Barwon Child Youth and Family’s Youth Services team is increasing access to nutritious food for some of our community’s most vulnerable members, through its innovative Feed Me Right project. The project aims to increase access to healthy food and improve health education for young people aged 16-25 years experiencing homelessness; through the delivery of interactive cooking classes and the development of food start-up packages for young people entering accommodation.
The Feed Me Right project received an $8,000 grant from the Give Where You Live Foundation to help the programs in preventing longer term health implications as well as addressing short-term needs for food.
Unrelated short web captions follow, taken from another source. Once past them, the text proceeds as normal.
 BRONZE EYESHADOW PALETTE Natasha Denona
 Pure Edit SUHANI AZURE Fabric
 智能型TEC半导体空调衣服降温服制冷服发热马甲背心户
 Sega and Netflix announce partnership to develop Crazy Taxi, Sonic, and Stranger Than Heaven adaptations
Barwon Child Youth and Family’s Manager Youth Services Mandy Baxter said the funding would have meaningful short-term and long-term impacts.
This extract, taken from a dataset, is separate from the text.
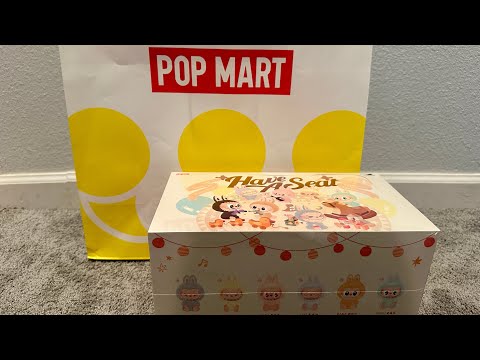 Labubu Have A Seat Secret Duo Duo | POP MART - Products by Nor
“Within Barwon Child Youth and Family’s Youth Services, we work with young people to develop their independent living skills, to set them up for a healthy future. Through the Feed Me Right program, we have an opportunity to change the way these young people view food and offer food knowledge that they otherwise may not have experienced before.”
Feed Me Right will see young people provided with nutritional food packs relevant to the cooking facilities they have access to. These will be tailored to emergency accommodation, crisis accommodation and transitional accommodation.
“When the most pressing issue for people who are homeless is just finding a meal, nutrition is a secondary consideration. When they can afford to buy food, it is often food high in fat, salt and sugar, contributing to longer term health implications; some of the cheapest food available is also some of the unhealthiest. By providing food packages, young people will have the basics they require to prepare nutritious meals.”
The online cooking classes were offered as an opt-in resource for young people to further develop cooking skills and healthy food preparation habits. These classes were developed and delivered by the Barwon Child Youth and Family’s Youth Services team, which includes a qualified chef, and saw participants join in an online Zoom session to prepare one meal per session.
This interactive program encouraged young people to ask questions and have fun with healthy food, while learning nutritional information and basic cooking skills they do not currently possess.
“It is widely recognised that food insecurity has detrimental effects on individuals, families and the community as a whole.”